START Record set

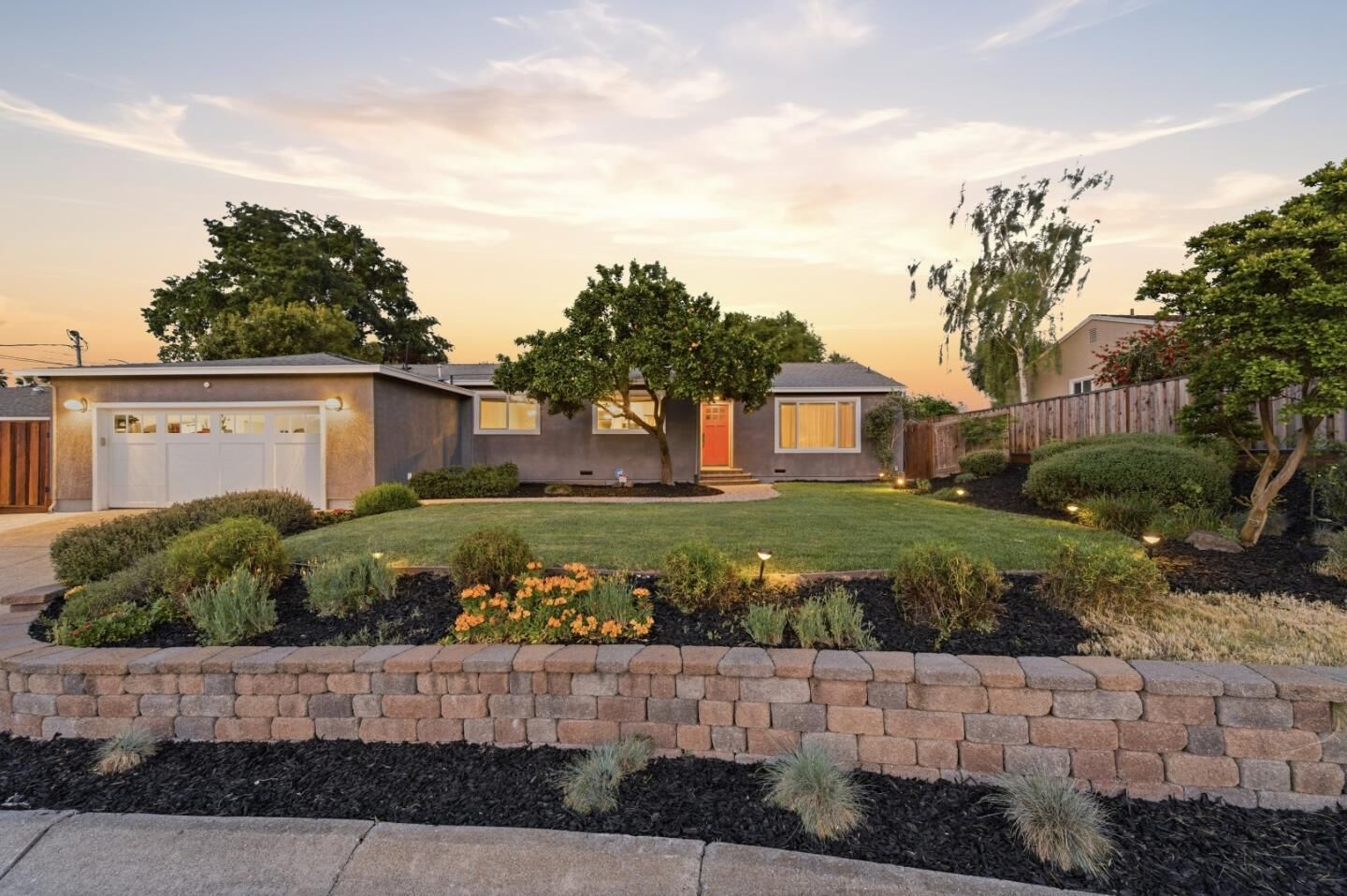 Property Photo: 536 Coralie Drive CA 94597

END Record set
START Record set

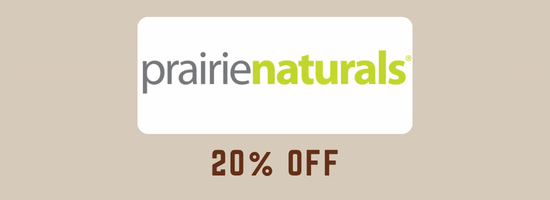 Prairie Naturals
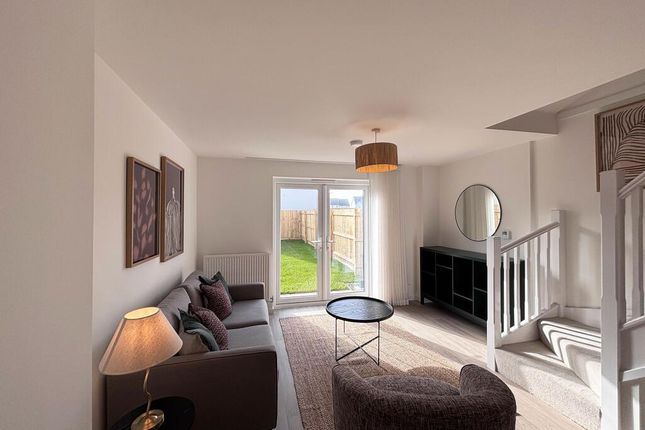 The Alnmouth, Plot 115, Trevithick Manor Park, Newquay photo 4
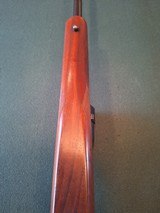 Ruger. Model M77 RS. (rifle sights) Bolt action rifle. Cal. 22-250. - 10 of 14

END Record set
START Record set

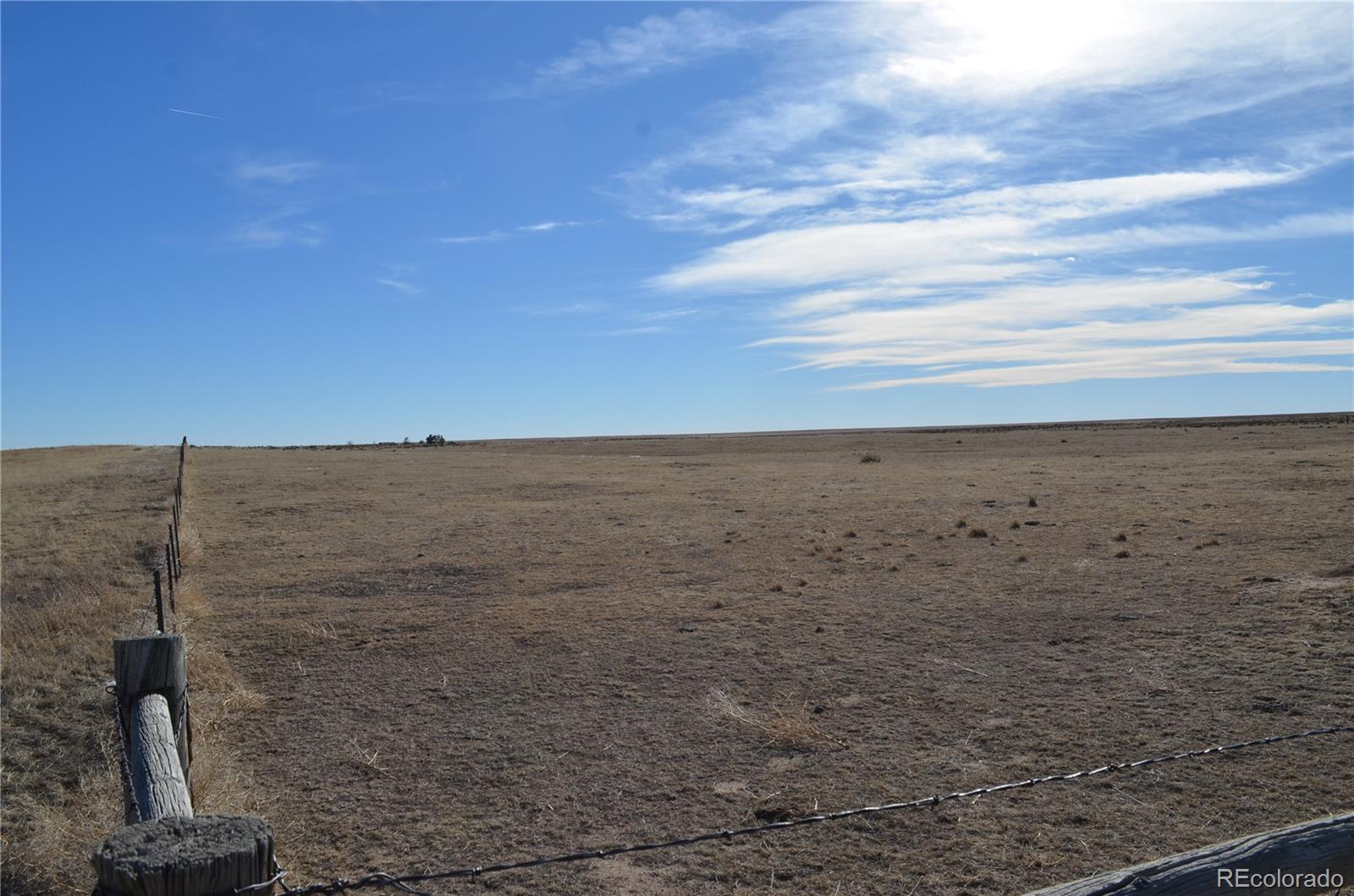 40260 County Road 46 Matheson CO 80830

END Record set

* [Work task]: Using the data above, output the line that has "The Alnmouth, Plot", the line that has "Ruger. Model M77", and whatever lines fall between, each exactly as it stands and without pictures.

* [Task result]:
 The Alnmouth, Plot 115, Trevithick Manor Park, Newquay photo 4
 Ruger. Model M77 RS. (rifle sights) Bolt action rifle. Cal. 22-250. - 10 of 14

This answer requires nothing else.